#### [Directions]
Your copy must hold all of the data below, unchanged and without images.
*** Material for this exercise Section Begins ***
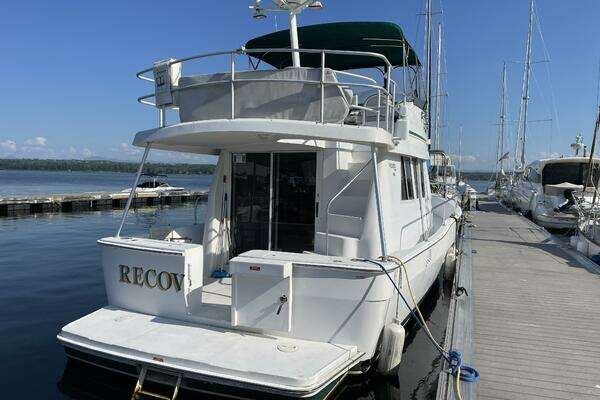 Photo of the 2000 Mainship 390 "RECOVERY"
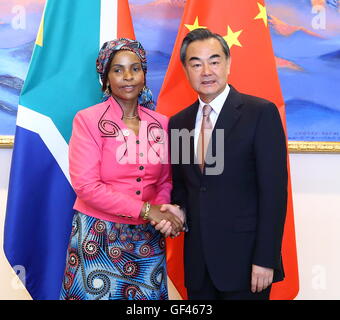 Pechino, Cina. 29 Luglio, 2016. Il ministro degli Affari Esteri cinese Wang Yi (R) si riunisce con il Sud Africa le relazioni internazionali e la cooperazione il Ministro Maite Nkoana-Mashabane, chi è qui per partecipare riunione dei coordinatori sull'attuazione delle azioni di follow-up del vertice di Johannesburg del Forum di cooperazione sino-africano (FOCAC), a Pechino, capitale della Cina, 29 luglio 2016. © Ding Hai-tao/Xinhua/Alamy Live News Foto Stock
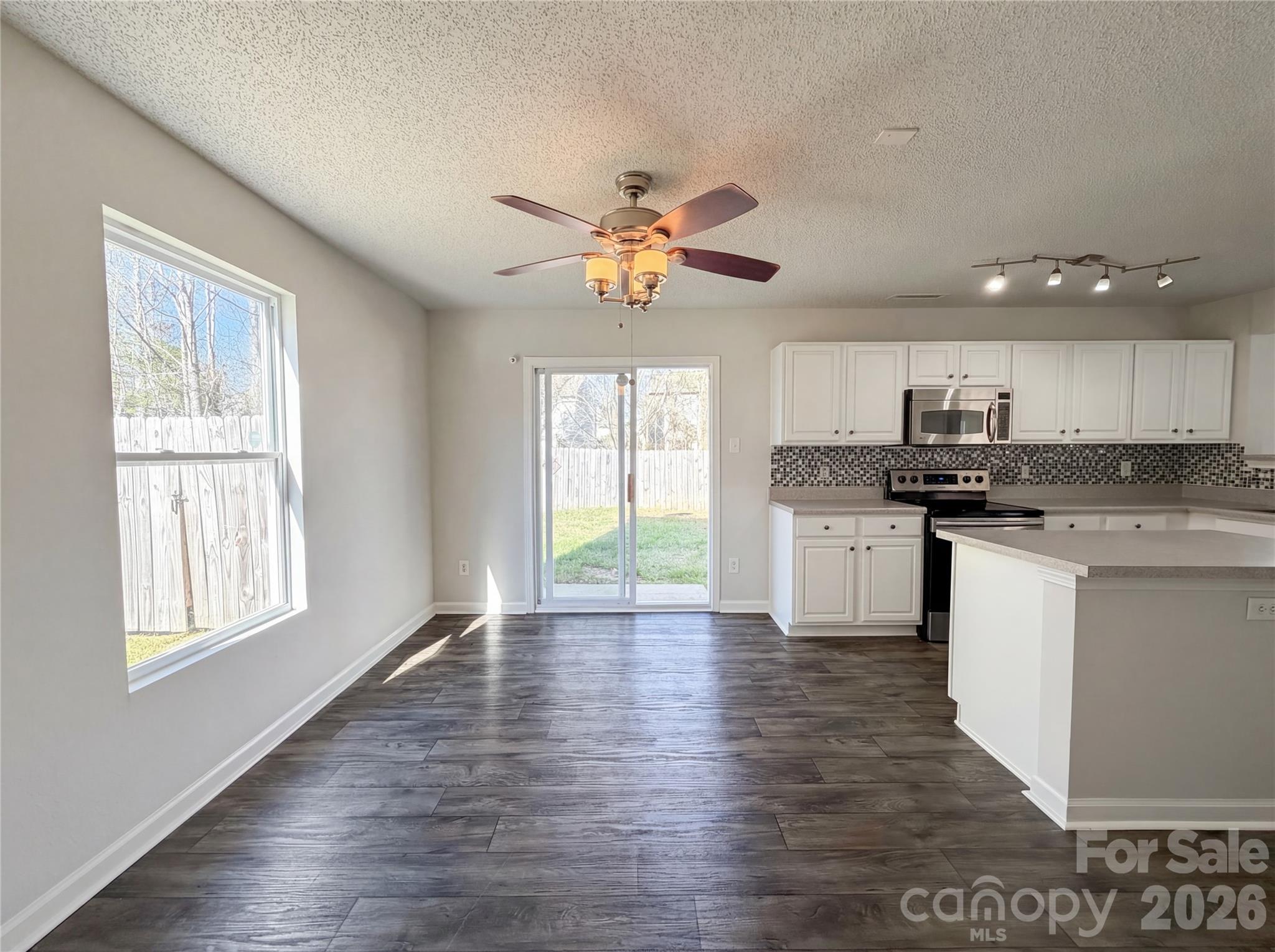 752 Ladino Lane — Clover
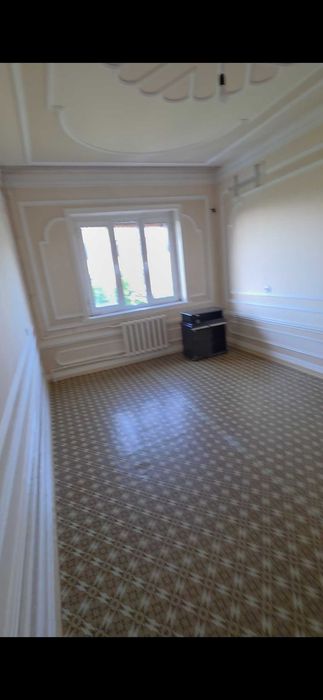 Olmazor yunusovada 3 xonali uy sotiladi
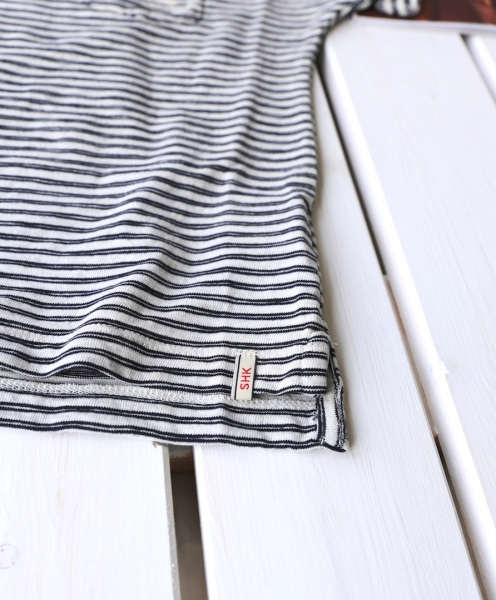 Scotch Shrunk - tee with dropped shoulder styling and artwork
*** Material for this exercise Section Ends ***
#### [Exercise answer]
 Photo of the 2000 Mainship 390 "RECOVERY"
 Pechino, Cina. 29 Luglio, 2016. Il ministro degli Affari Esteri cinese Wang Yi (R) si riunisce con il Sud Africa le relazioni internazionali e la cooperazione il Ministro Maite Nkoana-Mashabane, chi è qui per partecipare riunione dei coordinatori sull'attuazione delle azioni di follow-up del vertice di Johannesburg del Forum di cooperazione sino-africano (FOCAC), a Pechino, capitale della Cina, 29 luglio 2016. © Ding Hai-tao/Xinhua/Alamy Live News Foto Stock
 752 Ladino Lane — Clover
 Olmazor yunusovada 3 xonali uy sotiladi
 Scotch Shrunk - tee with dropped shoulder styling and artwork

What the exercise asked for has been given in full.